--- MATERIAL TO PROCESS ---

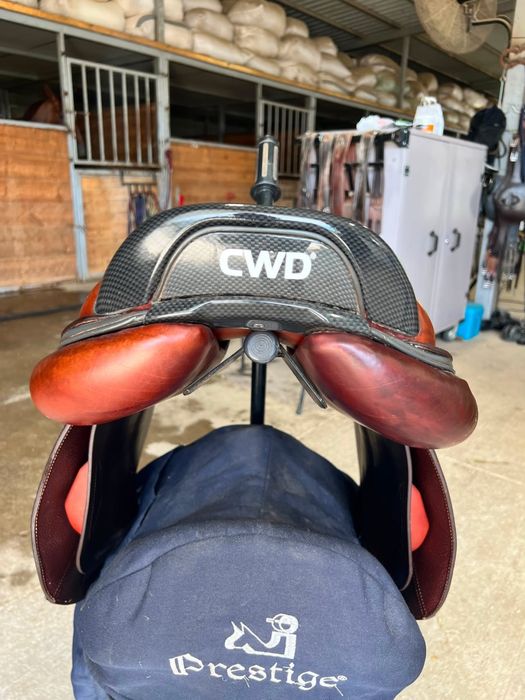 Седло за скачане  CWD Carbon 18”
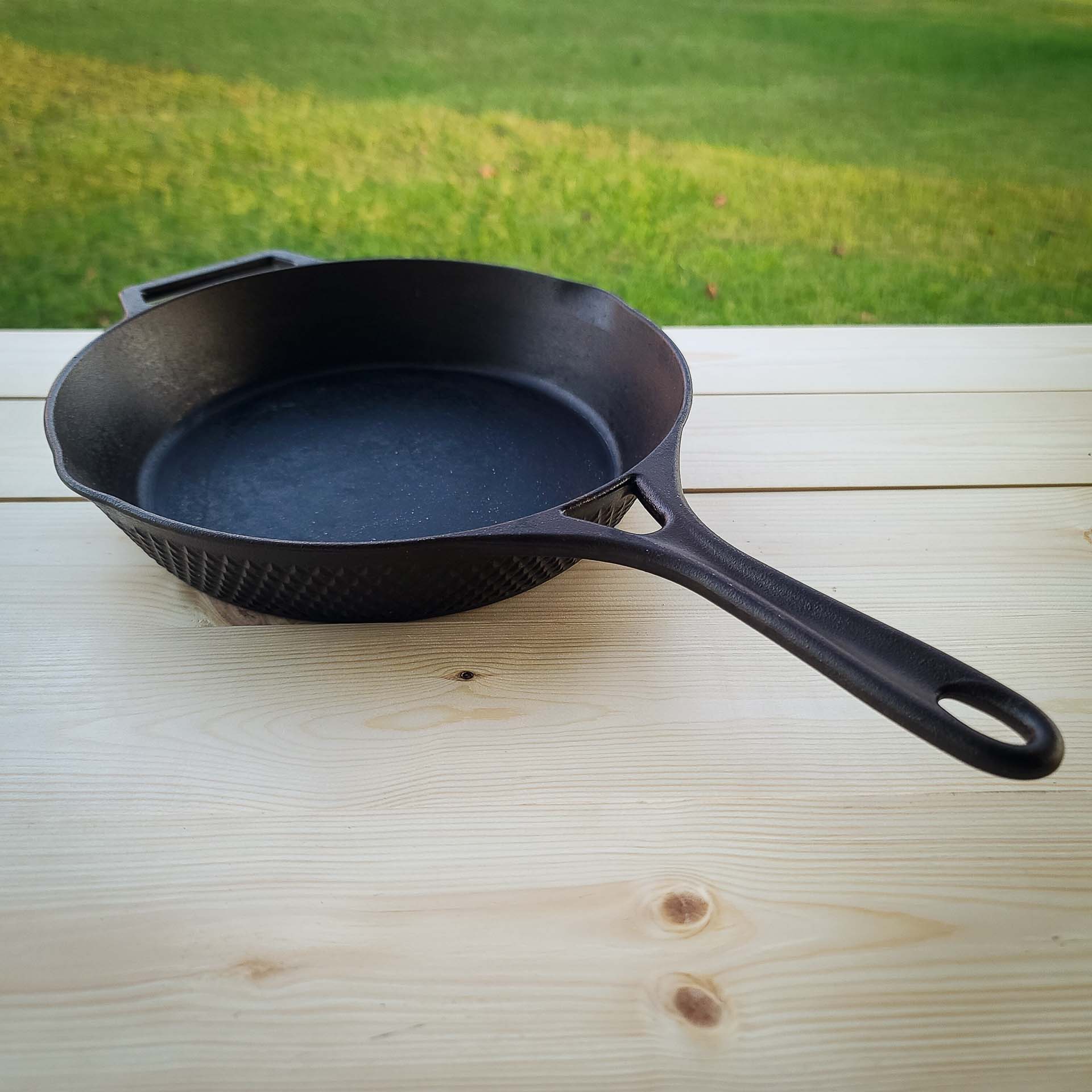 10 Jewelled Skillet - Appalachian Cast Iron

---
--- MATERIAL TO PROCESS ---

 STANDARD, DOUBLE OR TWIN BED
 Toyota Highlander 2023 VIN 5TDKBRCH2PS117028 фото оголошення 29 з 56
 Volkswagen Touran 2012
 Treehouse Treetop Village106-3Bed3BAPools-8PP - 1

---

# [ACTIVITY]
Print everything from the line with "Седло за скачане" down to the line with "10 Jewelled Skillet - Appalachian Cast Iron" in the entries above, both lines included and nothing more, without the pictures.

# [FINAL ANSWER]
 Седло за скачане  CWD Carbon 18”
 10 Jewelled Skillet - Appalachian Cast Iron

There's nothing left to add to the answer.